Blême, Karel se sentit défaillir, tant qu’il dût s’appuyer contre un meuble. Son esprit ne cessait de nier ce qu’il venait d’entendre, tant cette révélation lui paraissait invraisemblable. Mais le ton posé de Valkor attestait qu’il ne plaisantait pas. Le Mage s’était donc déjà confronté aux Dragons. Et il avait survécu.
« Comment peut-on survivre face à un Dragon ?» s’affola-t-il. « Non, pas un, plusieurs ! Alors que pendant ces deux siècles, personne n’est parvenue à les libérer de leur malédiction ?! Comment peut-on être aussi puissant ? »
Mais avant de parler en privé avec lui, Valkor avait parlé d’un piège. Le jeune homme ne comprenait rien à cette histoire. Comment le Mage avait-il pu se faire piéger et le payer de cette façon, si, comme le prétendait Valkor, il avait lui-même provoqué la colère des Dragons à son encontre ? Toutes ces questions renforçaient ce qu’il avait attesté le jour de sa fuite : il avait été élevé pour devenir un monstre.
Karel prit une chaise.
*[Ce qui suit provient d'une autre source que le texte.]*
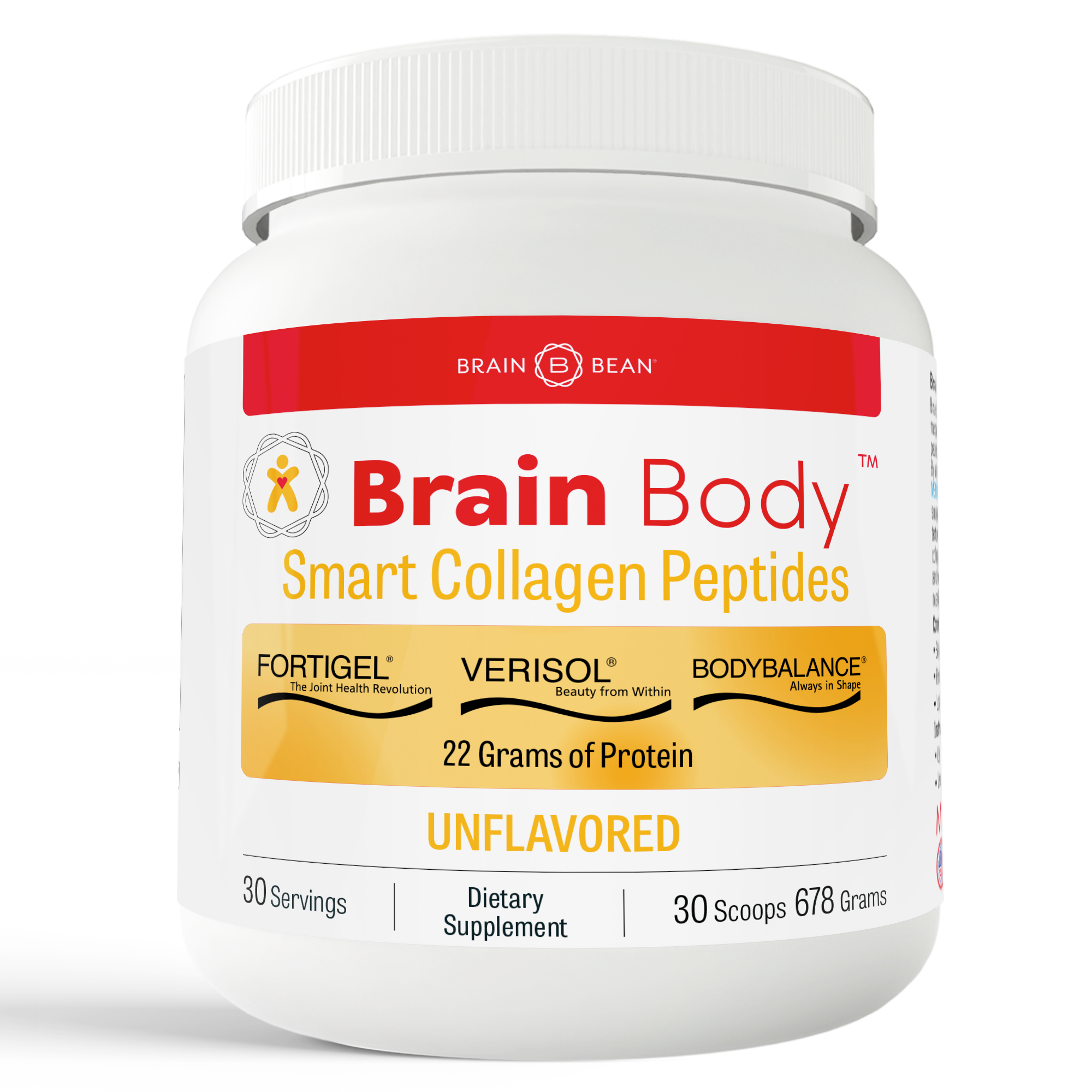 Brain Body™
Son cœur se comprimait. Sa vieille blessure se raviva. Avant même de respirer pour la première fois, il avait été pris dans les méandres d’un complot qui le dépassait. Un vulgaire pion.
— Que se passe-t-il, Karel ? s’inquiéta Valkor. Qu’est-ce que l’on t’a fait, toutes ces années ?
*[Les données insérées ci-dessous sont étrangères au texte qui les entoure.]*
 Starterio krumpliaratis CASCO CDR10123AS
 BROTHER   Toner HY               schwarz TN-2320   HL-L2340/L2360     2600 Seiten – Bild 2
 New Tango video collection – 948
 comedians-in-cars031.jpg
Le jeune homme préféra garder le silence. L’Apokeraos n’insista pas et respecta cette distance. Karel ne doutait pas qu’il s’était déjà fait une idée de la réponse, au vu de tout ce qu’il savait et de ses réflexions poussées. Comme le Mage. Valkor lâcha un soupir désolé.
— Karel, vous êtes certes très différents l’un de l’autre, mais, aussi impensable que cette révélation soit, certaines de vos attitudes sont si similaires que je me demande si la personne visée par cette Prophétie n’est pas justement mon ancien Apprenti. De telles ressemblances ne peuvent être dues au hasard. Quant à cette histoire d’absence d’identité… Cela lui ressemblerait bien.
Valkor regarda Karel dans les yeux.
— C’est lui qui t’a enlevé et élevé pendant toutes ces années, n’est-ce pas ?
Karel se raidit. Ainsi, cette théorie serait vraie ? Le fait de savoir qu’il ressemblait bien malgré-lui au Mage au travers de sa manière d’appréhender les choses le perturbait. Il s’était pourtant juré de devenir tout son contraire. Plus encore avec ces dernières révélations.
« Même en admettant qu’il ait visé juste, j’ai du mal à imaginer le Maître en Apprenti… »
Valkor sembla percevoir son trouble.
— Au risque de te surprendre, mon ancien Apprenti était très insociable, incapable de tolérer une autre compagnie que la mienne. Et cela m’arrangeait, en un sens. Il était imprévisible. Je ne voulais pas prendre le risque qu’il s’en prenne aux autres.
Karel se sentait de plus en plus mal à l’aise. L’idée d’avoir été élevé par une personne aussi dangereuse l’effrayait, et celle de lui ressembler le terrifiait.
— Ce n’était pas de sa faute, Karel, tempéra Valkor. À l’époque, c’était un animal sauvage échaudé qui n’avait connu que la violence à tous les niveaux. Il ne connaissait rien à rien sur la façon de se comporter. Mais il était déjà d’une intelligence rare et singulière. Ce fut lui-même qui me demanda de le mettre à l’écart d’une façon absolue. Il n’a surmonté son agoraphobie que le jour où je l’ai obligé à le faire. Le jour où il est devenu le plus jeune Mage de l’Histoire de Weylor.
Le trouble s’empara de Karel. Il comprit mieux pourquoi Valkor avait très vite soupçonné le Mage. Plus Valkor répondait à ses questions silencieuses, plus il constatait ces similitudes avec l’ancien Apprenti de l’Apokeraos. Le Mage lui avait aussi confirmé un jour qu’il n’était jamais passé par le statut de Sorcier, du fait qu’il n’avait jamais eu d’artéfact.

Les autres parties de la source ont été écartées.